La pièce est une attaque contre une société conservatrice où
non seulement les mariages arrangés étaient une des bases de
l’organisation familiale, et donc sociale, mais où la norme
était dictée par un néoconfucianisme de style répressif,
connu sous le terme de daxue, qui mettait l’accent
sur les formes extérieures de comportement social : il
fallait vivre « selon le livre ».
Tang Xianzu
emprunte au bouddhisme et au taoïsme des concepts propres à
lutter contre l’emprise du néo-confucianisme sur lequel
s’appuyait l’empereur pour assurer l’ordre social. « Le
Pavillon aux Pivoines » est un chef-d’œuvre subversif à bien
des points de vue, mais qui, ironiquement, rétablit l’ordre
en fin de compte.
2. L’opéra
Vu sa
longueur, la pièce a rarement été représentée dans son
intégralité ; elle est restée surtout une pièce « à lire »
.
Mais, dès le vivant de Tang Xianzu, des extraits des scènes
les plus célèbres ont été adaptés en opéra, et en
opéra
kunqu (昆曲)
car c’était la forme d’opéra la plus raffinée, la plus en
vogue dans les familles de lettrés de la fin des Ming qui
disposaient de troupes pour l’interpréter.
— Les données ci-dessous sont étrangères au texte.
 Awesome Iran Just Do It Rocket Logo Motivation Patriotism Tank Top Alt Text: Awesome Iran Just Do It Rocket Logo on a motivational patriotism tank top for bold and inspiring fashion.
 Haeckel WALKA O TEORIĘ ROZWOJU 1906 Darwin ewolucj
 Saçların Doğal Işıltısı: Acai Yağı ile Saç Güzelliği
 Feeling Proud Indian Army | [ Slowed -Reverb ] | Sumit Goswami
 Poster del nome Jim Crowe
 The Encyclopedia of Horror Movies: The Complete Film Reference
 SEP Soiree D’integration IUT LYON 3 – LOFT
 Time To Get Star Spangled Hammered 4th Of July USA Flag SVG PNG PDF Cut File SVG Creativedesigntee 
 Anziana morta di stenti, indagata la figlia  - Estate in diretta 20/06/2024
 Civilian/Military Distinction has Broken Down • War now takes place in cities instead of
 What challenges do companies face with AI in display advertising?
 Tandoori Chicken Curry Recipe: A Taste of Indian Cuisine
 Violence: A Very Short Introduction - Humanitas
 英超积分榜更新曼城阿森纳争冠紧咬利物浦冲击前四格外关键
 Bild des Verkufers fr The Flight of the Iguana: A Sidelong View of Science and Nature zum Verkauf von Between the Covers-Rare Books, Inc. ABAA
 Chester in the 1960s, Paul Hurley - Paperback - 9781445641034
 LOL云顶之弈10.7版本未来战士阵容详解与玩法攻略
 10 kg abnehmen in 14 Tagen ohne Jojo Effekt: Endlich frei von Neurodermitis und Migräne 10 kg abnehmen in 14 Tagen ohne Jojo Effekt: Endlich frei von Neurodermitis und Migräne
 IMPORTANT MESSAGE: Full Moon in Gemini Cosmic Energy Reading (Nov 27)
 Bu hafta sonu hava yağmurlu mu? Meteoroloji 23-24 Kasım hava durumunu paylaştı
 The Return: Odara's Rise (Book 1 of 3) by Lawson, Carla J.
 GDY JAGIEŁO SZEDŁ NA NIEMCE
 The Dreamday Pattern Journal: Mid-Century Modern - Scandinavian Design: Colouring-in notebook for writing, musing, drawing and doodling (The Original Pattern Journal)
C’est un opéra
qui donne traditionnellement la priorité à la peinture de
sentiments nobles et élevés, à des histoires d’amour
tragique ; son raffinement est à apprécier tant du point de
vue musical que littéraire.
Né au
milieu du 16ème siècle à Kunshan, près de Suzhou, le
kunqu est l’une des plus anciennes formes d'opéra
chinois dont on peut dire, de manière schématique, qu’il
correspond à une étape de développement de l’opéra chinois
venant parachever deux genres précédents : le nanqu (南曲),
né sous les Song du Sud au 12ème siècle, mais qui
connut un nouvel essor sous les Ming avec des pièces de type
chuanqi consacrant le style du sud, et le yuanqu
(元曲),
né un siècle plus tard sous les Yuan, qui comportait, lui,
des passages chantés sur des mélodies du nord. Le kunqu
est donc en quelque sorte la synthèse des deux.
Et cette synthèse
est l’œuvre d’un musicien de Kunshan nommé Wei Liangfu
(魏良輔)
auquel un dramaturge confia un jour l’une de ses pièces pour
en faire un opéra. La pièce eut tellement de succès que Wei
Langfu décida d’adapter dans le nouveau style qu’il venait
de créer les œuvres célèbres de son temps, et en particulier…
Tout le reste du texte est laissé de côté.